Moreover, when initially depressed mice were taken for an experiment (and animals can be simulated signs of depression, although this is not a real, “human” depression), it turned out that the connection between the hippocampus memory center and their pleasure center is weak – and what is important, direct stimulation of neurons does not enhance it. However, if the animals were given antidepressants, the information channel returned to normal, and they could create a false memory of pleasant things, as described above.

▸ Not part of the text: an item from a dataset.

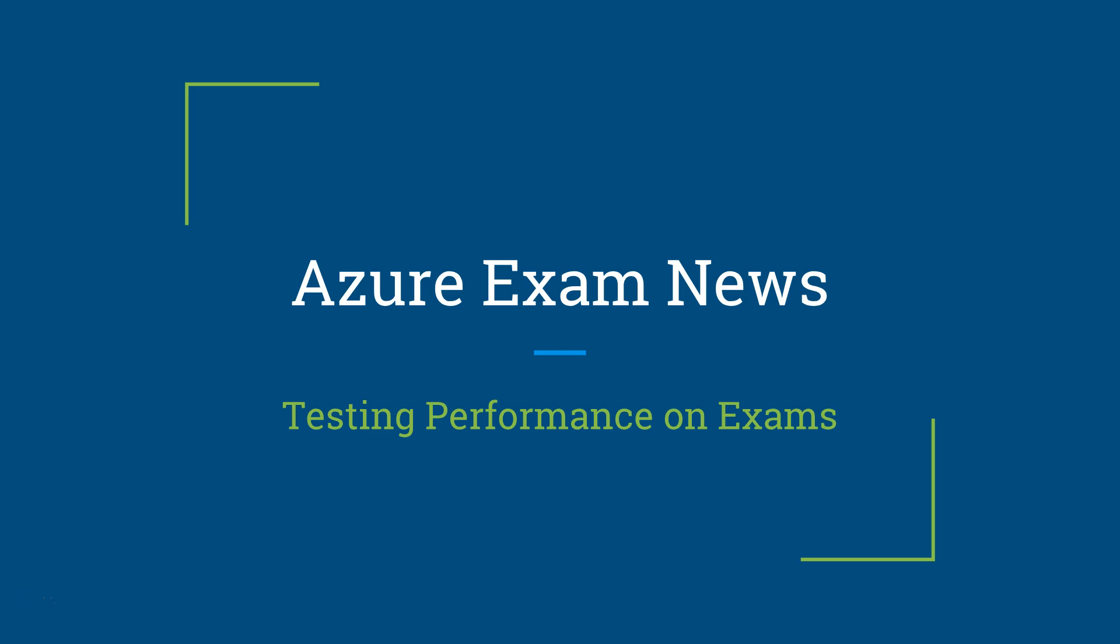But I wanted to talk to you about an exciting new feature for Microsoft Azure exams. These are called performance testing.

The depressed brain has other features; For example, last year we wrote that because of certain features in the structure of serotonin neurons during depression, serotonin ceases to flow into the nerve centers. On the other hand, the more we know about the mechanism of depression, the sooner we will find some effective remedy for it. Since the connection between the hippocampus and the nucleus accumbens plays a role both in the formation of dependencies and in depressions, it is possible that both dependencies and depression can be overcome by acting on the neurons connecting these two nerve centers.
The “owls” and “larks” added DNA
People with different chronotypes, that is, “owls” and “larks”, go to bed at different times. And this is not only a matter of habit – “owl” and “larks” largely depends on genes. The other day, Nature Communications published a large-scale study in which features of chronotypes were compared with genetic data. As a result, we managed to find as many as 351 sections in our DNA, which to some extent affects the chronotype; whereas before it was believed that there are only 24 such sites in our genome. If there are certain sequences of nucleotides in these areas, a person is inclined to wake up earlier.

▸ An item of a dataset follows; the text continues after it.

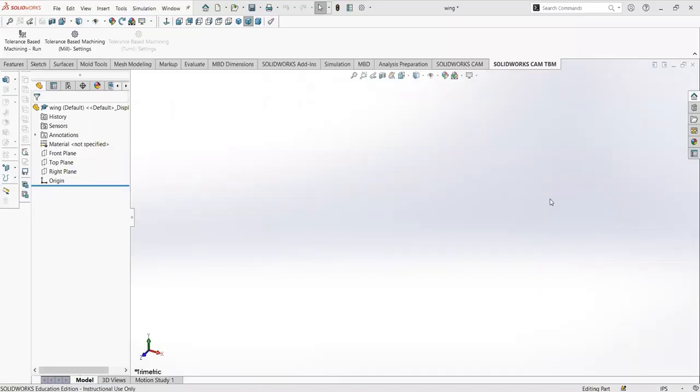Hello everyone. In this video I will be showing you how to create a wing using SolidWorks that you'll be able to use for your project to calculate for the surface area.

We are talking about DNA segments, and not specific genes, that is, there may be more than one gene, and even with regulatory sequences. Among the genes that have fallen into these areas of the genome are those that control biological clocks, those that affect glucose metabolism, those that affect the response to nicotine and caffeine, and many more. Some of them work in the brain, some kind of – in the retina, some – in other places.
Along the way, the authors of the work noticed that the “soviet” a person is, the higher his genetic predisposition to depression, anxiety and schizophrenia, and the worse he feels. This is due precisely to the chronotype, but not to insomnia and not to the quality of sleep (although it can be assumed that if a person does not just go to bed late and get up late, but also sleep poorly, then the likelihood of neuropsychiatric disorders will only increase)

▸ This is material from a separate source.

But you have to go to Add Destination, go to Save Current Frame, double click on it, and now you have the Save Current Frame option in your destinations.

At the same time, no connection was found between the “genes of the chronotype” and the likelihood of diabetes or obesity. However, it is necessary to clarify here that it is usually said about diabetes and obesity in connection with sleep, when a person randomly disrupts his daily rhythm, when his body simply cannot understand how to live – “lark” or “owl”. That is, probably, it is necessary to distinguish the chronotype, which went by genes, and the one that we impose on ourselves.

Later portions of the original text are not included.